3. Issues of religion and religious freedom: The
Constitution beautifully elaborates the freedom of religion and its
practices. But very often the state has failed to uphold this
constitutional right of the minorities when trespassed upon by the
majorities thus infringing constitutionally guaranteed rights and making
the minorities feel like aliens in the country.
4. In the 1940s the ethnocentric mind-set was found only
among the political elites of all communities. Today this has incubated
over a period of 60 years and percolated down and permeated the whole
social fabric to the extent of polarising its once homogeneous people.
Thus localisation of ethnic rivalry dispossesses the weak, whoever it may
be, of the other counterpart. This creates suspicion, segregation and
ghettoisation that does not augur well for a healthy nation. In this state
of affairs, equal opportunity and empowerment is the first victim.
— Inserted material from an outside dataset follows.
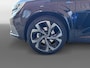 Renault Austral 1.2 E-Tech full hybrid 200 techno esprit Alpine | elektrisch. Achterklep | Dodehoek detectie | Apple Carplay / Android auto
Of late, some enlightened leaders of the majority
community and some in the minorities have realised the folly and the
danger of being community-centric when they wish to build a wholesome
nation for all to live in. However, this positive notion of nation
building with nation-centric policies, by accepting diversity and
realpolitik, is also anathema to those who strongly believe in ethnic
hegemony over the other. Such astute leaders with nation-centric views
were spurned by radicals in both communities.
The majority, over a period of 60 years since independence
from Britain, have consolidated their powers in the gamut of politics and
society in Sri Lanka and never want to share with others a fair share of
the cake, not knowing that in the long run the country we all cherish will
be a pariah state in the world.
The nation-centric parliamentarians on August 3, 2000
presented the Equal Opportunity Bill in Parliament, aimed at solving the
problems of disproportionate care of citizens but this was rejected by the
majority-centric parliamentarians.
If equal opportunity is not guaranteed by the Constitution
and the laws of a state then axiomatically it is expected that the state
will not evolve into a nation that is for one and all. The problems of
minorities in Sri Lanka are problems of the majority since an
underprivileged, illiterate, disadvantaged or unemployed minority
population poses a severe threat to the whole nation in respect to
development goals, crime and other negative trends. Insulating the
majority community against such negative impacts from the minority
community would be hyperexpensive. The cheapest way to success for the
majority community is to share the nation’s wealth equitably and justly so
that the minorities will be an extension of the majority and a part of the
social fabric, free of assimilation.
Finally, I believe that very often the minority in one
country is the majority in another and therefore justice and equity in all
affairs have to be upheld with due diligence, as finally we are all
humans, the sublime creation of god almighty.